The conservation implications of blast fishing include: indiscriminate killing of all species within the bomb’s range, damage to coral reefs, and significant noise pollution. We were looking for animals but discovered that our survey method also had the power to reveal how common illegal blast fishing was, and where it was happening. So we also produced another paper, this one focusing on the large number of bomb blasts that were detected. This got quite some traction in the press.
After the survey, other hydrophones detected the same thing: lots of bomb blasts. However, the acoustic detection of any bomb was still just opportunistic, as it was recorded in other projects which were not exclusively focused on addressing the conservation concern of blast fishing. It became clear that what was needed was a long term acoustic study which could locate the likely positions of each blast and quantify the full extent of the problem.

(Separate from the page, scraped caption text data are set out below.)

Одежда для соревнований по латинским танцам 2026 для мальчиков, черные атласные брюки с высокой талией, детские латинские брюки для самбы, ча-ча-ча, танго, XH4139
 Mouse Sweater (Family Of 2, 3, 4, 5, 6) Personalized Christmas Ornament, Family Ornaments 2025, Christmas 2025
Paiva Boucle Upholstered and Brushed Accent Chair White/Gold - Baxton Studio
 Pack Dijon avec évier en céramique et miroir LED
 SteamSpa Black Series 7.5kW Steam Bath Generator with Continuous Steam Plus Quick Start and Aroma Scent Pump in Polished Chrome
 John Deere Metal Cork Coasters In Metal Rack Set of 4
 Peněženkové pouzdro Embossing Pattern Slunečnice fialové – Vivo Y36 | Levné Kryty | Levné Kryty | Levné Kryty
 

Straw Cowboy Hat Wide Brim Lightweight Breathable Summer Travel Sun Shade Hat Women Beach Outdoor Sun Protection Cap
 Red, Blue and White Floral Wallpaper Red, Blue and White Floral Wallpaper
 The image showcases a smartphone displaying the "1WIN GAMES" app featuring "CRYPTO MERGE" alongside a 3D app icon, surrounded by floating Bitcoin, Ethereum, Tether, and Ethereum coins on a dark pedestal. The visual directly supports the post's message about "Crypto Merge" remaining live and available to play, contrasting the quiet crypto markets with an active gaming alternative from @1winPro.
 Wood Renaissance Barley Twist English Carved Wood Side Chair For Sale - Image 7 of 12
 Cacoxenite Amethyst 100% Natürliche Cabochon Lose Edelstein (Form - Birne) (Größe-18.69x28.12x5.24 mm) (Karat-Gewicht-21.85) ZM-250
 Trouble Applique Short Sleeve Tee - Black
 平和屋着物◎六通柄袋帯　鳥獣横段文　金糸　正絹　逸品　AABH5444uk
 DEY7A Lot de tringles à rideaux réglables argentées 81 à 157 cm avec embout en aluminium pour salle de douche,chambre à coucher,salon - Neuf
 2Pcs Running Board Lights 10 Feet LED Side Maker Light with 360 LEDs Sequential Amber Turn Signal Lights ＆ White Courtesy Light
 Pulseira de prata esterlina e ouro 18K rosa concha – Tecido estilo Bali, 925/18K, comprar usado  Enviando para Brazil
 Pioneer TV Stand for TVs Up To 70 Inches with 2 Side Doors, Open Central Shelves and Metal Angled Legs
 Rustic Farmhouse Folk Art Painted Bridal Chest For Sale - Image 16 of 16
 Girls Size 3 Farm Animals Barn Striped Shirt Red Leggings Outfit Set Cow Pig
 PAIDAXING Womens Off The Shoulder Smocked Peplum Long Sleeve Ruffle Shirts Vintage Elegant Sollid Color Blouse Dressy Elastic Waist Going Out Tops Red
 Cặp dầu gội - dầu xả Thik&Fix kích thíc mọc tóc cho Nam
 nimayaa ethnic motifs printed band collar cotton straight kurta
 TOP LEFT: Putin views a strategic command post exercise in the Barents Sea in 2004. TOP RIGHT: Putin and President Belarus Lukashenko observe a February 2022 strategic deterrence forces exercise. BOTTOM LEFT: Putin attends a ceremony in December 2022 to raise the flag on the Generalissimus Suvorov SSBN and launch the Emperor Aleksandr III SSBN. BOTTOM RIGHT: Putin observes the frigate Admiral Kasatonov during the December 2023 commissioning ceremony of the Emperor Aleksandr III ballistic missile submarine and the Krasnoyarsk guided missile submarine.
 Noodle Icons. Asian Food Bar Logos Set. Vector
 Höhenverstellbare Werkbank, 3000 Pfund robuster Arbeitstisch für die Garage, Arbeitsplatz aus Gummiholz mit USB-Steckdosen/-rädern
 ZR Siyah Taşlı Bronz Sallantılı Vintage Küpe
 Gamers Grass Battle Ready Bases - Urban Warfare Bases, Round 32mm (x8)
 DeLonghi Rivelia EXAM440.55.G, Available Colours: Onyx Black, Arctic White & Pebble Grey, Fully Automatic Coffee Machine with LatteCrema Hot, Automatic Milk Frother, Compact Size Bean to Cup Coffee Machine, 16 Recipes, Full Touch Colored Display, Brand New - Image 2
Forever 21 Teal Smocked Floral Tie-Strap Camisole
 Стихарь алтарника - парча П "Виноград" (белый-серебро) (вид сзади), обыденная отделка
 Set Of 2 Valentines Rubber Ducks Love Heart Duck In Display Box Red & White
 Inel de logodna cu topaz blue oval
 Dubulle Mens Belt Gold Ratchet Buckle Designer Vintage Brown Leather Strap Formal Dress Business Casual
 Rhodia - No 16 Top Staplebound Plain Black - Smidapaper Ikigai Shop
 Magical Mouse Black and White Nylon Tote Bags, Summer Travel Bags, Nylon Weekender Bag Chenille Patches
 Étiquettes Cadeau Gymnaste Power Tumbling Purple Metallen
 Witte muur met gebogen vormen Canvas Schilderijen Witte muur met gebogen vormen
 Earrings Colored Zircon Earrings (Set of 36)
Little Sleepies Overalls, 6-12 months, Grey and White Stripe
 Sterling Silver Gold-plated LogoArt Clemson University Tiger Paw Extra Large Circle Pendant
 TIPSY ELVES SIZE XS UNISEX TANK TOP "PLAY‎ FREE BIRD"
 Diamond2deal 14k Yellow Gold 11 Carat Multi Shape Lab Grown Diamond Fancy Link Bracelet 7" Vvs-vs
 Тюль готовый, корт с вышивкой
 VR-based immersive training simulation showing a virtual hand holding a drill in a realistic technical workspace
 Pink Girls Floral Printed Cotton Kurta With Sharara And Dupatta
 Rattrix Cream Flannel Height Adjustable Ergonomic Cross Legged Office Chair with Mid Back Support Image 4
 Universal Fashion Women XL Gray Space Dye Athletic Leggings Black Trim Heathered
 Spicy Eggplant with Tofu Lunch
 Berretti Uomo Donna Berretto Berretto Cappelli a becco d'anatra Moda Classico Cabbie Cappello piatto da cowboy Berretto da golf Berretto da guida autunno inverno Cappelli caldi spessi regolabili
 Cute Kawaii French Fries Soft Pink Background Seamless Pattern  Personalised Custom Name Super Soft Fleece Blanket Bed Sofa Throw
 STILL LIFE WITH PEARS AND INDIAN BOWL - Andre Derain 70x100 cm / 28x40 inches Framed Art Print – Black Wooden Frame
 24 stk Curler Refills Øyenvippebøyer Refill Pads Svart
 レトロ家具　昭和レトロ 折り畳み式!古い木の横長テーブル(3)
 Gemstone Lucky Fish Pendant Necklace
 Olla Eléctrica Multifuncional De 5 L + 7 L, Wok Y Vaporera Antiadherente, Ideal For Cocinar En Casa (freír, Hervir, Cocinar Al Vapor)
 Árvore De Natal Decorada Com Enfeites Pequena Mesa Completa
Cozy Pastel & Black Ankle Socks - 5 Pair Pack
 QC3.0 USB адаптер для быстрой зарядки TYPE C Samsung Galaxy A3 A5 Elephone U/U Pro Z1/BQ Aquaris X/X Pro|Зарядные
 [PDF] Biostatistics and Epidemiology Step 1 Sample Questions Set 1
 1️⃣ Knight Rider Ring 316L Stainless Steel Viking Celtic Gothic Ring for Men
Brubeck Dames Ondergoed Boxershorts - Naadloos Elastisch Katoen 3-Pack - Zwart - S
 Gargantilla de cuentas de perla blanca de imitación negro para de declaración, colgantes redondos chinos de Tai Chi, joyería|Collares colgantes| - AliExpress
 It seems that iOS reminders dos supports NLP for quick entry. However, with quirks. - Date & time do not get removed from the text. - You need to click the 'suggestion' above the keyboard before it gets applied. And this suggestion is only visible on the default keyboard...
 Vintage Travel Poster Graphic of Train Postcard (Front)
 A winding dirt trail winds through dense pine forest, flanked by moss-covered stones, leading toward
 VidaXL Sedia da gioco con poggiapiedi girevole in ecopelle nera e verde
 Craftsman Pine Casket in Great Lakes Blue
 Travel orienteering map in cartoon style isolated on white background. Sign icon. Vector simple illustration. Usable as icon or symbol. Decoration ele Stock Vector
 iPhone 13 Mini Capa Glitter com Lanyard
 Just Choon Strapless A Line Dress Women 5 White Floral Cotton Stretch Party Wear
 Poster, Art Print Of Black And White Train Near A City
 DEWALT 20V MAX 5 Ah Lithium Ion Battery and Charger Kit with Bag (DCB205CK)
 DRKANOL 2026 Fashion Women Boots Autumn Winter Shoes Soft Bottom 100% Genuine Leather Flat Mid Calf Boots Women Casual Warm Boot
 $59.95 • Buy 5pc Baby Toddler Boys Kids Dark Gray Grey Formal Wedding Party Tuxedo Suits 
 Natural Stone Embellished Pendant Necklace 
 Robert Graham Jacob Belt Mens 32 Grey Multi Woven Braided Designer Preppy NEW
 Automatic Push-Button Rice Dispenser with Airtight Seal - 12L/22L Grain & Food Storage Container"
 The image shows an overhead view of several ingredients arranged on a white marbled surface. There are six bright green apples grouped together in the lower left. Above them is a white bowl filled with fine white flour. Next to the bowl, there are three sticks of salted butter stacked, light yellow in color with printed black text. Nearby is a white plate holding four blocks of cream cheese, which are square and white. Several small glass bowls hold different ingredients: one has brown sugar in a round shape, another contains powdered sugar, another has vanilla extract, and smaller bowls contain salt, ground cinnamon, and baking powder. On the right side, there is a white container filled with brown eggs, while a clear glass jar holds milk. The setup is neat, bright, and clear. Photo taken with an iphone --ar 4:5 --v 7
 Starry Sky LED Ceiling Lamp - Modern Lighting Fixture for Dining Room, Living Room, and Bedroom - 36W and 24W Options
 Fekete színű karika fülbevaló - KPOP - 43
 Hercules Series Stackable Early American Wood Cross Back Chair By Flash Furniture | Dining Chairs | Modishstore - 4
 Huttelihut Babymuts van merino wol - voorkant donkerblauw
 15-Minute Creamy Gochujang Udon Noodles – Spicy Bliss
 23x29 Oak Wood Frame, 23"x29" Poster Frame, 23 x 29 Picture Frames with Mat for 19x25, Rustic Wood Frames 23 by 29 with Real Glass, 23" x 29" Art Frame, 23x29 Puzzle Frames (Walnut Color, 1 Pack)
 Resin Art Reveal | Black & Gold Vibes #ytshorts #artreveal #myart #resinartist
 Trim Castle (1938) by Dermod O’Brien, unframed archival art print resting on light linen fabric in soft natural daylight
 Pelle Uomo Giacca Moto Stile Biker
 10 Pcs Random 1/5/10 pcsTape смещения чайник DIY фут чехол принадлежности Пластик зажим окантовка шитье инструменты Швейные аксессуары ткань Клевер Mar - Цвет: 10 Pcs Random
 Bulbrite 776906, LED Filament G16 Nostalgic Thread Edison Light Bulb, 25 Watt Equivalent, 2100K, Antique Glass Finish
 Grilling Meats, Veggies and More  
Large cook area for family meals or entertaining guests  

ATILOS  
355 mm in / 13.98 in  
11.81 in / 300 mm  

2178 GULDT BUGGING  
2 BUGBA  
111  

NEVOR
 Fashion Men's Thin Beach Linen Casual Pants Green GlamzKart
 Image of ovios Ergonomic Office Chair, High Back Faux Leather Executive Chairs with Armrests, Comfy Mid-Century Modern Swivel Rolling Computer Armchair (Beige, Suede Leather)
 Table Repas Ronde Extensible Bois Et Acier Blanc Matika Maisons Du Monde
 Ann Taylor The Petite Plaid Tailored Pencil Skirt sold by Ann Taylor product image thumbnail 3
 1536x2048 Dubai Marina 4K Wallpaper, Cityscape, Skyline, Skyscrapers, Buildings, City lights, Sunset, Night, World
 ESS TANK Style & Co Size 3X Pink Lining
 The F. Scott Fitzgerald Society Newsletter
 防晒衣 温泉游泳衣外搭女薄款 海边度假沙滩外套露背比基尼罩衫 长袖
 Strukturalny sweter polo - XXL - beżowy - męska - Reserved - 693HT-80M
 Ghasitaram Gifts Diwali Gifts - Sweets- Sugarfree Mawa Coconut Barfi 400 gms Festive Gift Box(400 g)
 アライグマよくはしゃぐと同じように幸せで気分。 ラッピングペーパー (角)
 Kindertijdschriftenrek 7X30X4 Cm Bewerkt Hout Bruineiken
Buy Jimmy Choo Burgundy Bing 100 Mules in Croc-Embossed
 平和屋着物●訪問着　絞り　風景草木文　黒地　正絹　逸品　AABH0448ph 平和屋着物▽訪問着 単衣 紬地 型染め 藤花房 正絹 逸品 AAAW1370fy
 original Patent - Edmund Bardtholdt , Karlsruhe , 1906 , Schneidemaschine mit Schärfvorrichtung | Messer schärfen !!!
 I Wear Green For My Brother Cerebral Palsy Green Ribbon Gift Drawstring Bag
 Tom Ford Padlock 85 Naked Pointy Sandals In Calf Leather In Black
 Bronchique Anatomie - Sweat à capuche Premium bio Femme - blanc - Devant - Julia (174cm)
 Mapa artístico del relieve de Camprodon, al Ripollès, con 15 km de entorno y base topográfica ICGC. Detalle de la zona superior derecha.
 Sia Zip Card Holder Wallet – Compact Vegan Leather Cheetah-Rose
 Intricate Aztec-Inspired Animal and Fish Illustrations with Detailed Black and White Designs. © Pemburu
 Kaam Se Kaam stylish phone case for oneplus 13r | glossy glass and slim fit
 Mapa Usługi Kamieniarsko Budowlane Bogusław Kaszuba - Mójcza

And so, in 2018, Gill Braulik, Code4Africa and myself teamed up to do exactly that. We deployed 4 state-of-the-art recording stations along the northern coast of Tanzania. The recording stations each have 3 synchronized hydrophones linked to a state of the art recording unit (SoundTraps), allowing us to work out a bearing to a received bomb blast. If 2 or more of the 4 stations picked up a blast, a latitude/longitude location can be determined. The recording devices are based on ultra low power acoustic devices and so can be deployed easily be a team of divers, something that’s really important where you don’t have access to specialized research vessels to deploy and recover gear. The project is ongoing, so they’re still out there recording bomb blasts and any/all other interesting sounds…
Acoustic Data Analysis
Recently we recovered the first set of recordings. 50 days of acoustic data on a 30 minute on/off duty cycle x 3 recovered stations= 75 days. How do we process that quantity of data on a very tight budget? Thankfully, there are some open-source projects out there to help us. The first stage was to process the acoustic data using PAMGuard . PAMGuard is great at quickly churning through large datasets and picking out interesting sections. The sound a bomb blast makes is low in frequency and lasts for a significant period of time (a second or so), and so we used the Ishmael detector and Clip Generator modules to save all high amplitude, long and low frequency sounds as 3 second ‘.wav’ clips. (Note the Ishmael detector is also available in the Ishmael software package). This worked great, with thousands of short audio clips of potential bomb blasts generated. However there’s a bunch of low frequency sounds on reefs and many of them are not bombs. For example…
So the next stage was to determine how to find which clips contain actual bomb blasts? With the recent advances in machine learning, it might initially seem sensible to train a neural net or other type of classifier to find bomb blast (i.e. to manually find some bombs for training data, train a classifier, and run it on the rest of the data). However there are a few issues with this. A classifier is only as good as it’s training data. So, that training data would have to be manually identified to begin with, which could be time consuming. In addition, this is very novel data. What if noise conditions change? What if there’s a species that starts vocalising during a different period of the year that confuses the classifier? To be diligent with the data analysis, even once the classifier has been trained, a manual analyst would have to check the classifier performance, at least for the first few years, by which time the project might be over. Having a manual analyst listen to all the clips form PAMGuard is also not an option, as it is still far too time consuming on a tight budget.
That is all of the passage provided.